Disclaimer: I’m not going to argue the point of the professional development of programs. This is purely the process, accountability, and structure. Content I’ll tackle another day/night. 

How does a the call for programs typically go for a conference?

- E-mail goes out TEN months in advance announcing a call for programs (Let’s say May)
- Due date for submissions is SEVEN months in advance (This would be September)
- Successful proposals accepted and presenters notified FIVE months in advance (This is October)
- FIVE months later, the proposal written and submitted SEVEN months before the conference are presented.

We can do better.

How are programs selected?

- Members review and recommend which sessions get approved.
- See above. Yes, read it twice.

We can do better.

Are programs held accountable for what they submitted?

- No.

We can do better.

There are so many paths I want to take right now with this post try to follow along.

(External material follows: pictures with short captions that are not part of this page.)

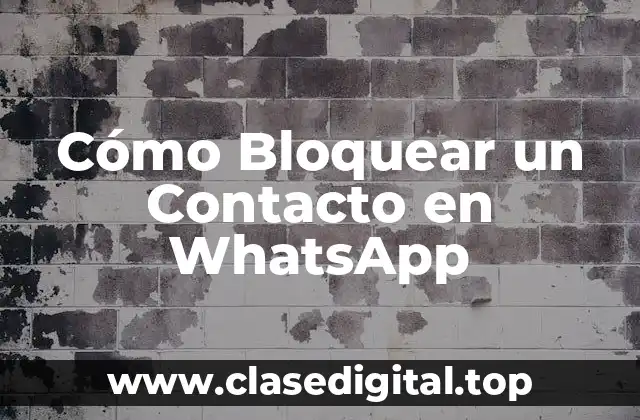 Cómo Bloquear un Contacto en WhatsApp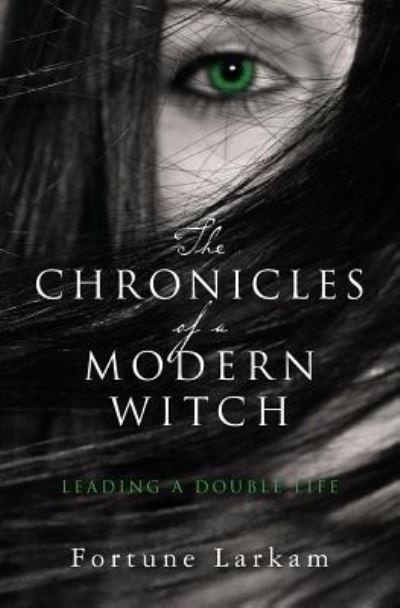 Cover for Fortune Larkam · The Chronicles of a Modern Witch (Paperback Book) (2017)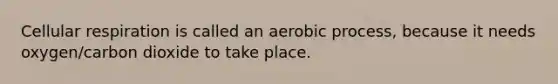 Cellular respiration is called an aerobic process, because it needs oxygen/carbon dioxide to take place.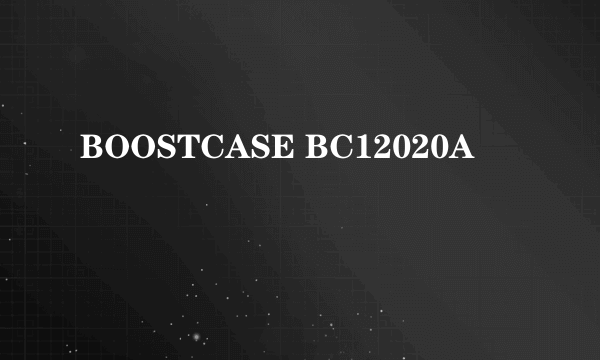 BOOSTCASE BC12020A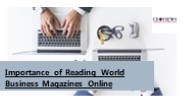 Importance of Reading World Business Magazines Online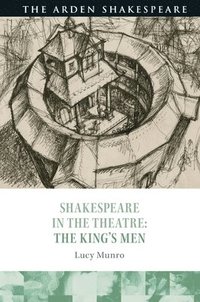 bokomslag Shakespeare in the Theatre: The King's Men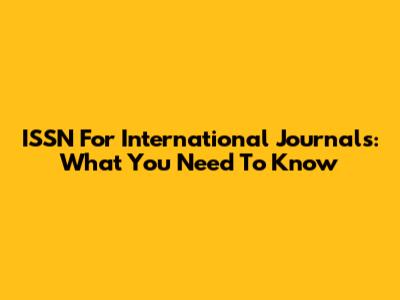 ISSN For International Journals: What You Need To Know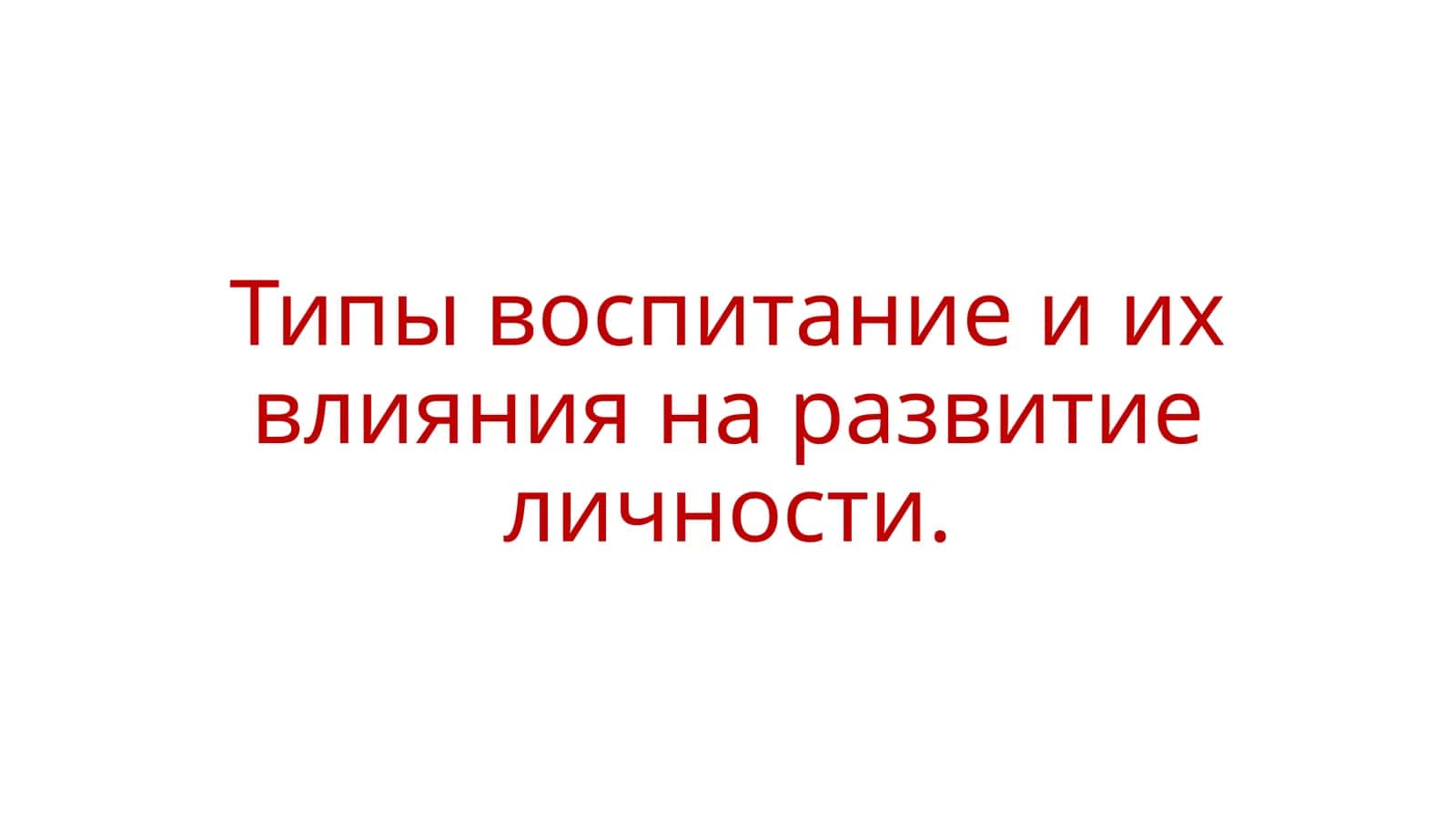 Типы воспитание и их влияния на развитие личности 1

First, ten months. TEN months. You are telling me that a notice of ten months is necessary to get the amount of programs needed to fill a conference schedule? Are you telling your students now to plan for their housing deposit for the 2013-2014 housing year? Seems a bit like overkill doesn’t it? Heck, it practically kills any opportunity for someone who joins higher education in the Fall semester to do anything (assuming they are coming from out of industry and aren’t totally familiar with annual conferences). “Hey that program I did last semester (spring 09) would make a great program at the annual conference. I can’t wait to present it in the spring of 2010.” We can do better than this folks.

Asking for proposals seven months in advance of the conference seems a bit ridiculous given the technology we have now. Has this timeline changed since the advent of social media? E-mail? It seems like a timeline fit for a time of snail mail and fax machines. How could we not turn this around quicker to allow for more current topics?

I’ll get into what I would do in a second but let me get to this last point. Peer reviewed sessions. I was a first year graduate student and I was reviewing conference program proposals. This was great for my professional growth in the sense of giving me examples of how to write a good (or bad) conference proposal. Personally, this is a fantastic exercise. Professionally, you are letting first year graduate students decide what sessions get presented at a national conference? We can do better. No offense to first-year graduate students, but what training have you had to do this? Oh wait, it is just personal judgment. “Oh I don’t like Pixar movies so this session doesn’t really make sense to me. It probably won’t make sense to anyone else either.” See the flaw? I reviewed conference proposals for one organization that actually had a portal that let you see what other reviewers ranked it (and who they were!). So much for unbiased opinions. “Wait so this SSAO ranked this low, well I can’t rank it high then. They’ll see it and I can’t disagree with them.” Face meet palm.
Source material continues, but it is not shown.